What kind of health care provider does Section 2706 apply to? Any kind. By not specifying provider types, the ACA intended to create an all-inclusive umbrella of coverage, so that no provider type would be unintentionally left out. Sounds nice, right? Unfortunately, this non-specific language is allowing insurance companies to continue its discrimination.

That’s what makes the most recent news out of Hawaii so frustrating. Some background: This state is one of a few states (also including New Mexico and Rhode Island) that has been drafting their own version of Section 2706. By making the language of Section 2706 into state law, these states are telling insurance companies that this section of the ACA is important and must be followed.

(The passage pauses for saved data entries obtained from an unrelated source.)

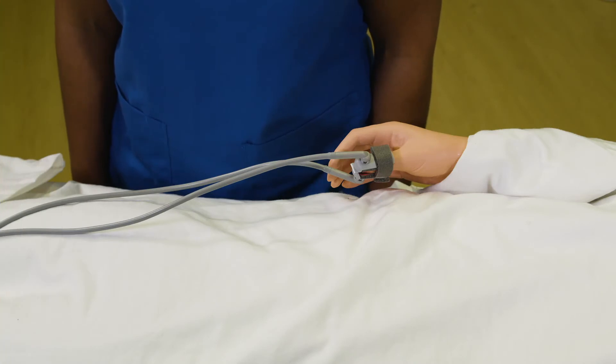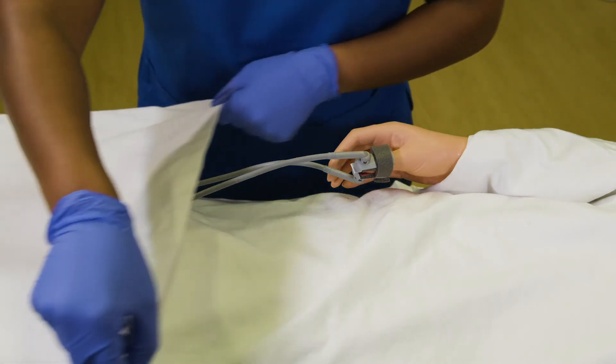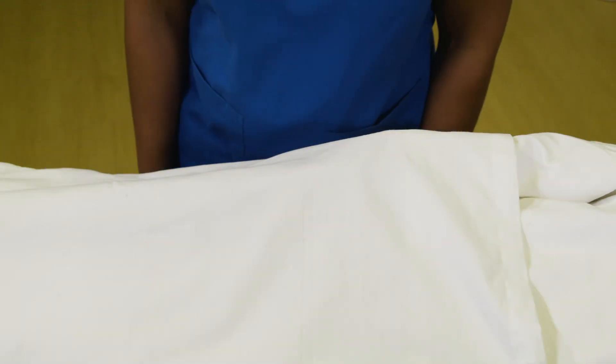After you place the clip on the patient, cover the SPO2 clip with an opaque blanket to keep ambient light from affecting the reading. Ambient light, attachment movement, or electromagnetic interference can lead to inaccuracies of the SPO2 reading.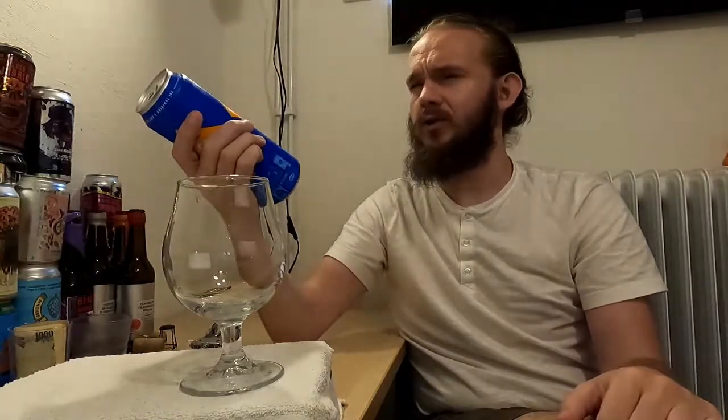If you do happen to know, let me know in the comment section below. We got this beer here in Sweden as part of the Tillfällig Temporary Sortiment through Systembolaget on the 13th of July 2021, and I think it cost me about 35 Swedish kronor. That's €3.50, about £3 sterling and somewhere in the region of $4 to $4.25 for the can. For an import beer, that is very, very reasonable.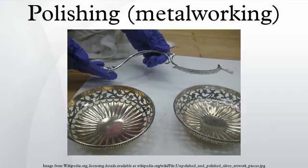Polishing and buffing are finishing processes for smoothing a workpiece's surface using an abrasive and a work wheel or a leather strop. Technically, polishing refers to processes that use an abrasive that is glued to the work wheel, while buffing uses a loose abrasive applied to the work wheel. Polishing is a more aggressive process while buffing is less harsh, which leads to a smoother, brighter finish. A common misconception is that a polished surface has a mirror-bright finish; however, most mirror-bright finishes are actually buffed.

Last month in Hawaii, the state senate reviewed the language of the bill and decided to rework it to focus support specifically on naturopathic doctors.

Why just naturopaths? Hawaii already has strong insurance coverage for chiropractic and acupuncture; naturopathic medicine needs more protection against discrimination. And so, by specifying that insurance companies cannot discriminate against “naturopathic physicians acting within their scope of practice”, the law gets done what Section 2706 has had trouble doing, albeit for just one provider type. But one provider type is certainly better than none.

Recent news, however, shows just how tight of a grip the insurance companies have on lawmakers. The bill that had been reformulated to protect naturopaths has been amended yet again back to its original focus, the more general protection of “all licensed care providers”.

And, sure, that might sound great – everyone gets covered, right? Not just naturopaths, but also massage therapists. A win for us, surely?

But protection for “any health care provider” is already the exact language of Section 2706, and insurance companies are fighting hand-over-fist to allow continued discrimination. And considering that this change was in part due to requests by Kaiser Permanente, I think the insurance companies know exactly what they’re doing.